• Given material:
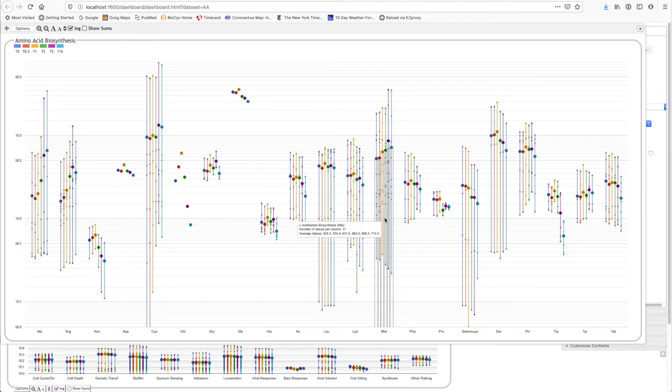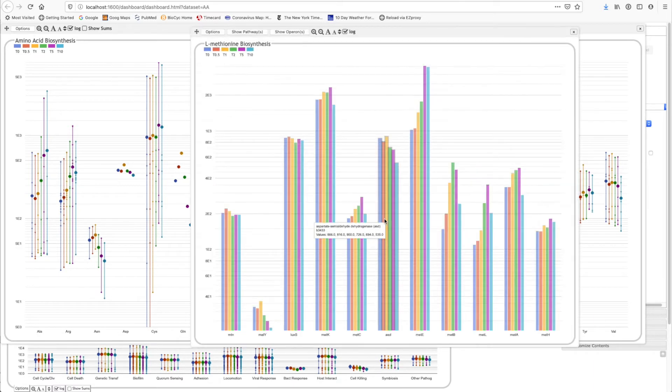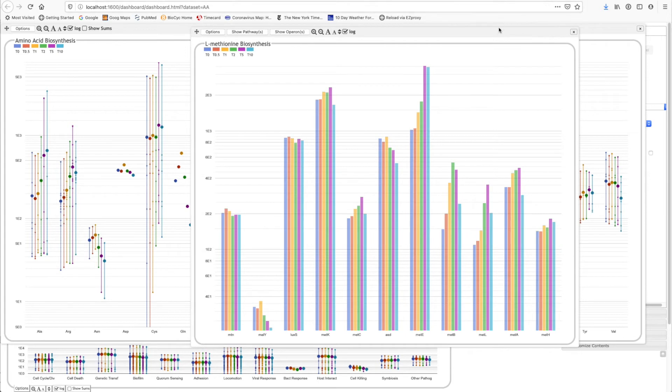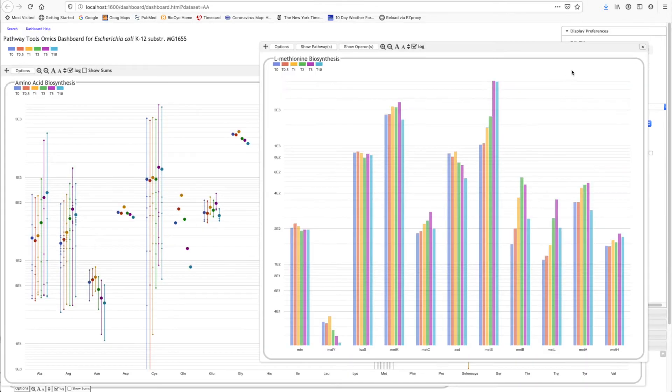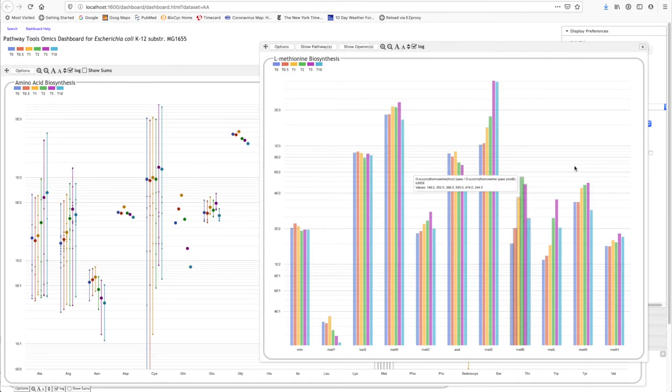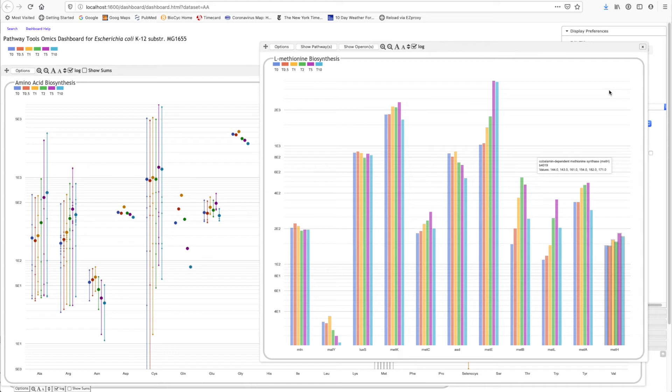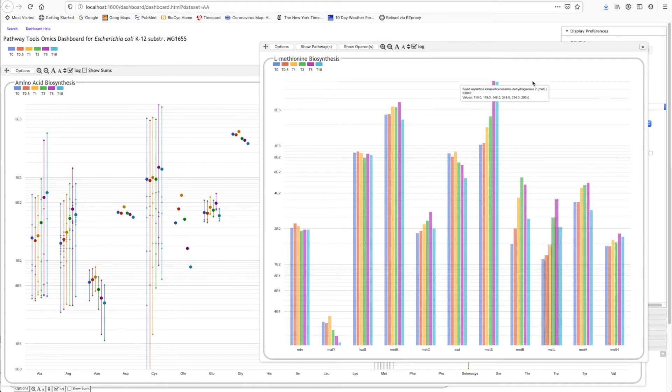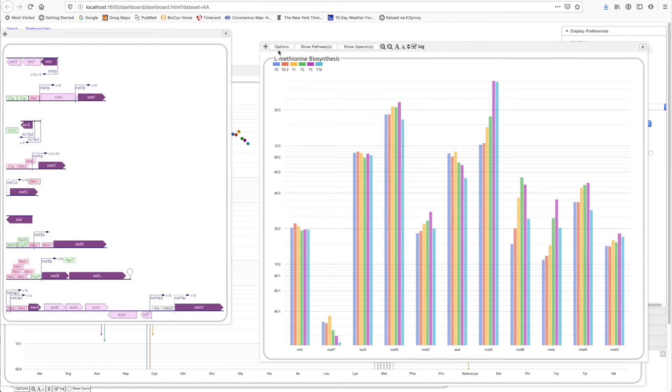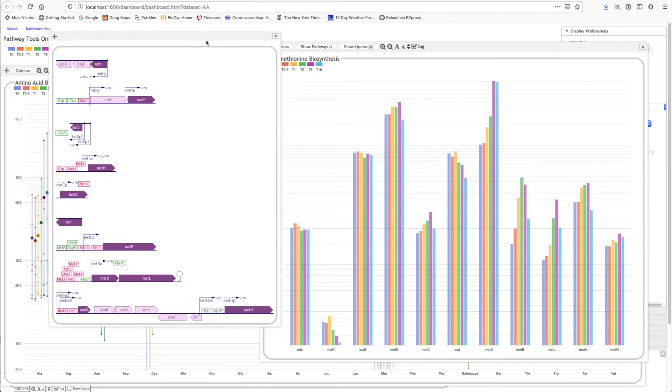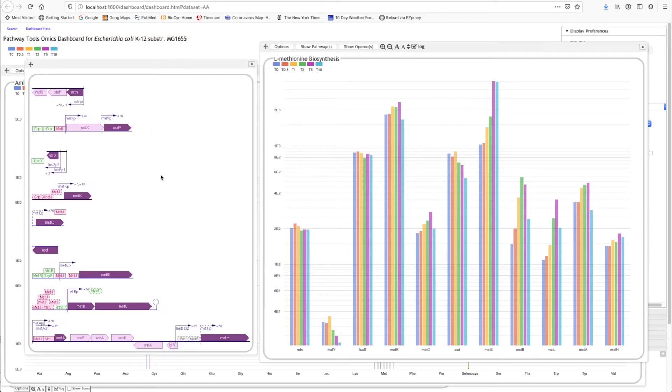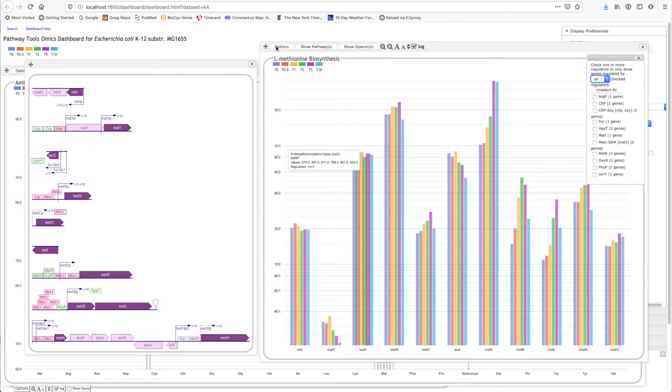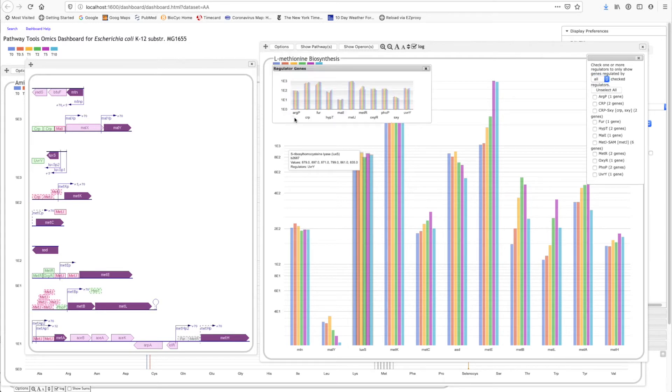If we want to see more detail about methionine biosynthesis, we can click here, and now we see the expression levels of all the genes involved in methionine biosynthesis. We can also see the operon organization of all genes involved in methionine biosynthesis. We can also see the behavior of all the regulators that control the genes in this pathway.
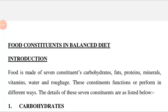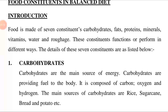Introduction means the action of introducing something, its establishment, or a formal presentation. Food is made of seven constituents: carbohydrates, fats, proteins, minerals, vitamins, water, and roughage — meaning a nutritious substance consisting of these seven components. These constituents function or perform in different ways, meaning these components work or execute in dissimilar procedures. The details of these seven constituents are listed below.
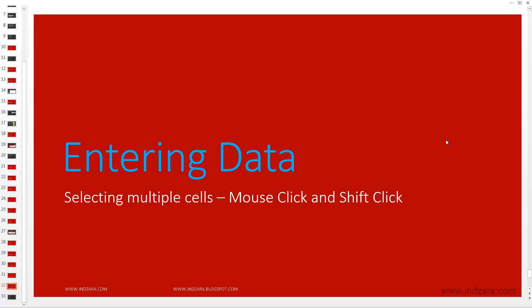This is a method that actually combines the mouse and your keyboard so that you can select multiple cells at the same time.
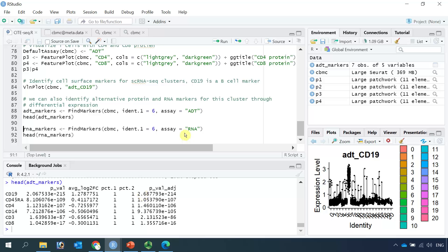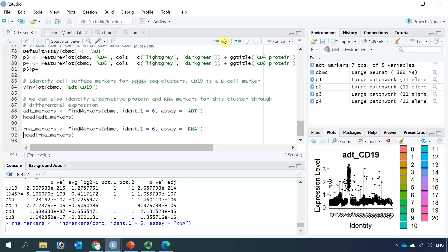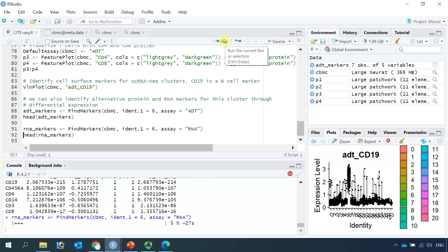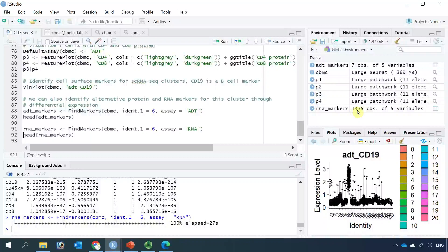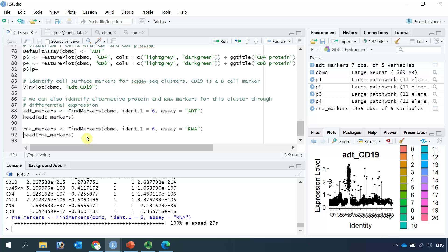Then we can use the FindMarkers function to identify protein markers for B cells, setting identity one as 6. If we run it, we find 7 markers for B cells. You can see CD19 is the number one protein marker to label B cells. Next, we can identify RNA markers for B cells — once again, we set identity one as 6 and run it. You can see we identified 1,435 RNA markers for B cells. We can have a look at the top RNA markers.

• Exercise requirements: Starting at the line that contains "This is a method", extract each line through the last line of the material exactly as written, and include no pictures.

• Exercise solution:
This is a method that actually combines the mouse and your keyboard so that you can select multiple cells at the same time.
Then we can use the FindMarkers function to identify protein markers for B cells, setting identity one as 6. If we run it, we find 7 markers for B cells. You can see CD19 is the number one protein marker to label B cells. Next, we can identify RNA markers for B cells — once again, we set identity one as 6 and run it. You can see we identified 1,435 RNA markers for B cells. We can have a look at the top RNA markers.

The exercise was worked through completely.